Where did Boston come from?


----------



## Scorask (Apr 11, 2013)

Thanks everyone, we got Boston from a breeder in Phillipston, Ma.


----------



## Lucky Dog (Dec 1, 2012)

Pretty Boy !!! Get the pics now. They grow like weeds


----------



## Scorask (Apr 11, 2013)

Hi Everyone, it's been a while and Boston has been growing like crazy. At 8 1/2 months he weighs about 110. He's been a great puppy, and we all love him like crazy


----------



## Scorask (Apr 11, 2013)

...


----------



## Loneforce (Feb 12, 2012)

Scorask said:


> Hi Everyone, it's been a while and Boston has been growing like crazy.
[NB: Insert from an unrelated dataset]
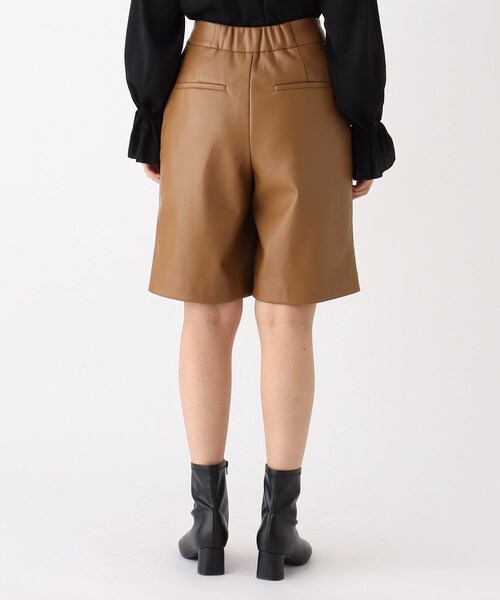 AG by aquagirl(エージーバイアクアガール)の「◆シンセティックレザーショートパンツ【WEB限定サイズ】(その他パンツ・レディース・ブラック/ブラウン系・38/36)」の5枚目の写真
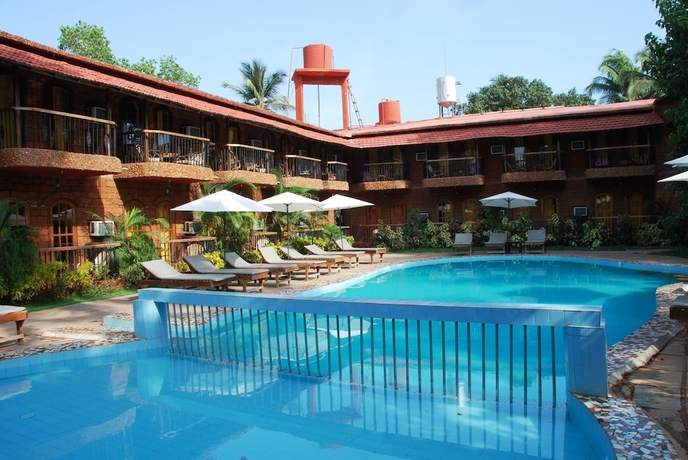 Imagen de la piscina del Hotel Sea Breeze Beach, Calangute. Foto 14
At 8 1/2 months he weighs about 110. He's been a great puppy, and we all love him like crazy


 He is a handsome boy! Great looking GSD


----------



## Scorask (Apr 11, 2013)

,,,


----------



## Scorask (Apr 11, 2013)

'''


----------



## Scorask (Apr 11, 2013)

"""


----------



## Loneforce (Feb 12, 2012)

Not that it matters. What is up with the shaved spot on his front left leg?


----------



## Scorask (Apr 11, 2013)

Thanks a lot. He truly is such a great dog, and beautiful also. I had him fixed so that was where his IV was placed.


----------



## Scorask (Apr 11, 2013)

Last but not least, here he is keeping an eye on things


----------



## Loneforce (Feb 12, 2012)

Scorask said:


> Thanks a lot. He truly is such a great dog, and beautiful also. I had him fixed so that was where his IV was placed.


That is what I thought, I was just wondering. Sorry to be Nebby


----------



## KathrynApril (Oct 3, 2013)

Wow what a handsome dog!!!

Sent from Petguide.com Free App


----------



## Scorask (Apr 11, 2013)

Latest update, Boston weighed in at 127.5lbs at his annual check up 2 months ago. At 14 months he is 135lbs and solid as a rock. I keep hearing people tell me he is the biggest German Shepard the have ever seen lol. He really is a big boy. But he is a very gentle big boy thankfully


----------



## CindyMDBecker (Feb 22, 2013)

Oof! THAT is one good looking fella! Wow. :wub:


----------



## Okie2 (Aug 23, 2010)

Looks like he has made himself at home pretty darn quick!!!!!!  Bundle of Love!!!


----------



## Tina D. (Aug 29, 2012)

Gorgeous, gorgeous dog!!


----------



## lorihd (Nov 30, 2011)

very handsome boy, and your daughter is adorable, look at those curls


----------



## Scorask (Apr 11, 2013)

Thank you all, Boston truly is a great dog and she is definitely his bff lol


----------